A formulary is a list of medications available for use at a hospital or health system, and includes the dosage forms, strengths and package sizes of each of the medications on it.
Diligent management of this list has both patient care and financial implications.
Inaugurating the unit yesterday, the Chief Executive Officer (CEO) of the hospital, Dr Opoku Ware Ampomah, said with the dependency on technology steadily increasing in all spheres, it was important for medical practitioners to also use same to be innovative in the provision of healthcare delivery.
That, he said, would enable them to formulate the best medicines for the health of those who required healthcare service, as well as to ensure that the best medicines were provided for patients.
The formulary will be supervised by a 13-member Drug and Therapeutics Committee (DTC), which will be chaired by Dr Yaw Ofori-Adjei, with Dr Daniel Ankrah, a Director of Pharmacy; Dr Audrey Anno, Dr Joycelyn Dame, Dr Dzifa Dey, Dr Titus Beyuo and Dr Appiah-Korang Labi acting as members.
The rest are Dr Asare Offei, Mrs Chrysolite Egyirakwa, Mrs Oksana Corquaye, Mr Charles Ofei-Palm, Mr Anthony Osei and Mrs Esther Christiana Tetteh.
Clients, staff interest
Dr Ampomah said the formulary was to provide a more reliable, cost-effective and efficient service to clients.
"At the end of the day, the ultimate goal is to provide service that is cost-effective, reliable, friendly and sympathetic to customers and patients, and which is safe.

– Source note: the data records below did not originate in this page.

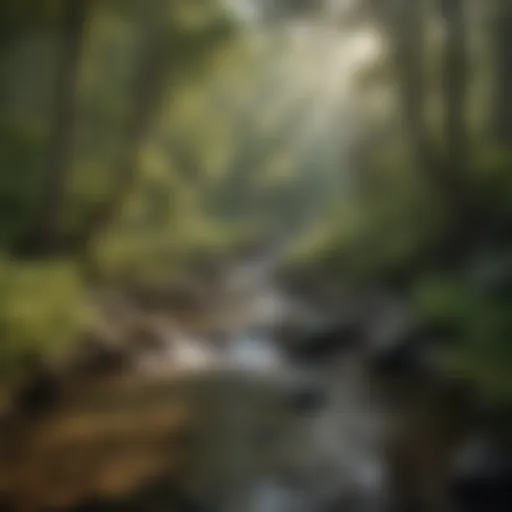 Tranquil view of Whiskey Creek surrounded by lush greenery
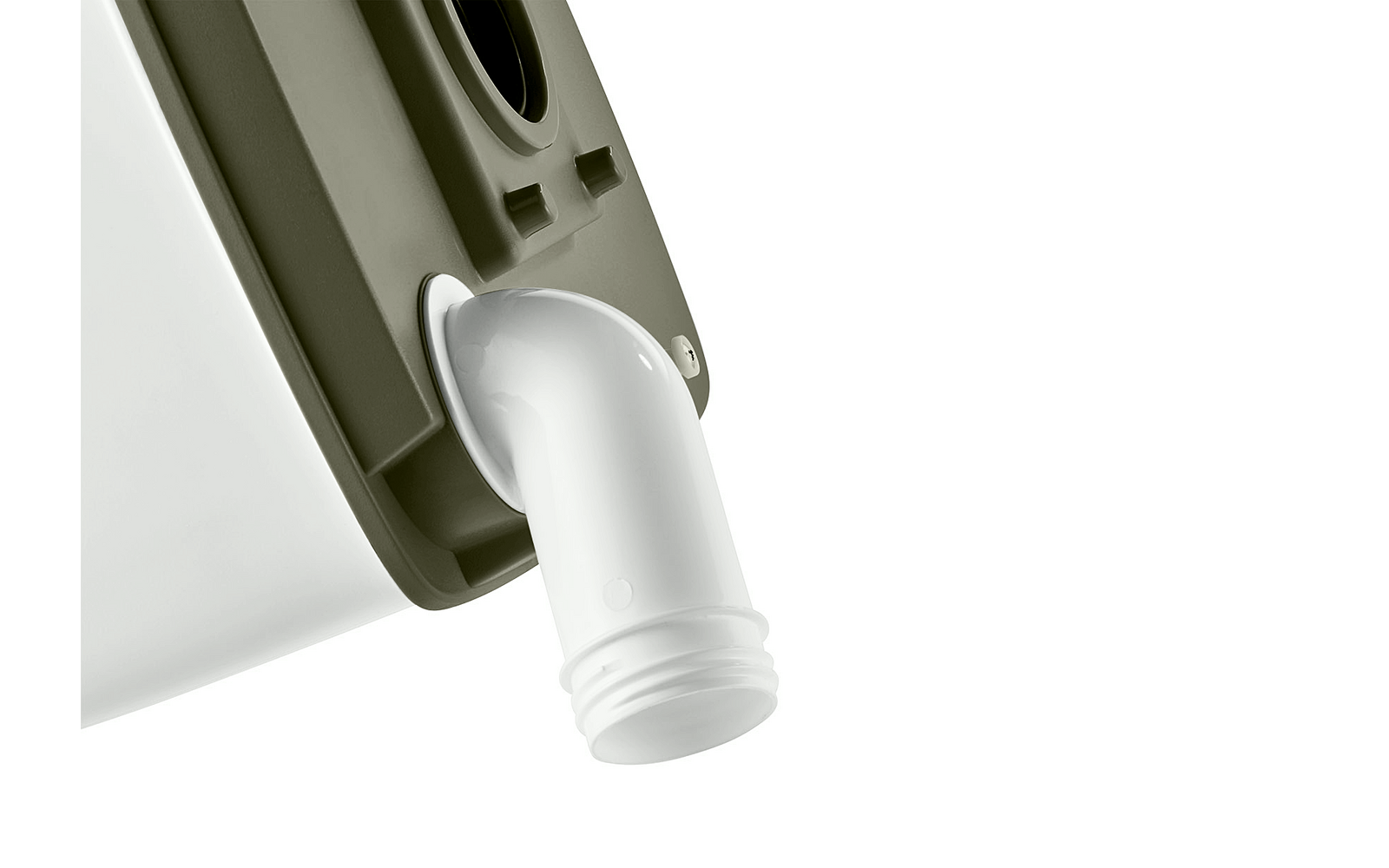 Beccuccio in plastica bianca con filettatura esterna inserito in un supporto grigio-bruno su una superficie bianca, primo piano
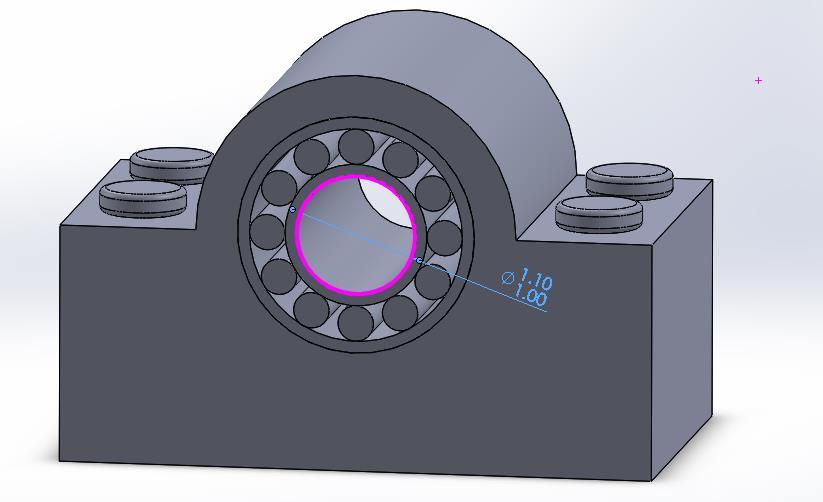 In Figure 0 below, the parts are shown with their needed tolerances. The shaft must be slightly smaller than the bearing so that it can fit through.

This must also provide a good working environment for the staff," he stated.
Dr Ampomah said at the heart of the plan was the human resource of the facility and pledged a holistic view of development to tackle the ills of the institution.
He pledged to introduce incentives for hard work and to instil discipline among staff to offer the best care for patients and clients.
He admitted that there were inequalities at the nation’s premier teaching hospital related to salaries, promotions and forms of unfair treatments pertaining to their work and vowed to tackle them.
"I will tackle the gaping hole of inequality at Korle Bu head-on and reward hard work," he stated.
He also noted that the unsung heroes of West Africa's largest health facility who had toiled and worked hard in stealth would be duly rewarded when the hospital celebrated its centenary in two years time.
Dr Adjei said members of the committee considered it a duty to serve and lead the charge of making the formulary an effective part of KBTH’s services.
He bemoaned the significant amount of irrational use of medicines, assuring that the formulary would tackle the problem head-on.
Dr Adjei further indicated that there was the need for the citizenry to understand and appreciate how drugs were prescribed and used.
"Many a time, we realise that patients are not adequately managed for their pain," he noted.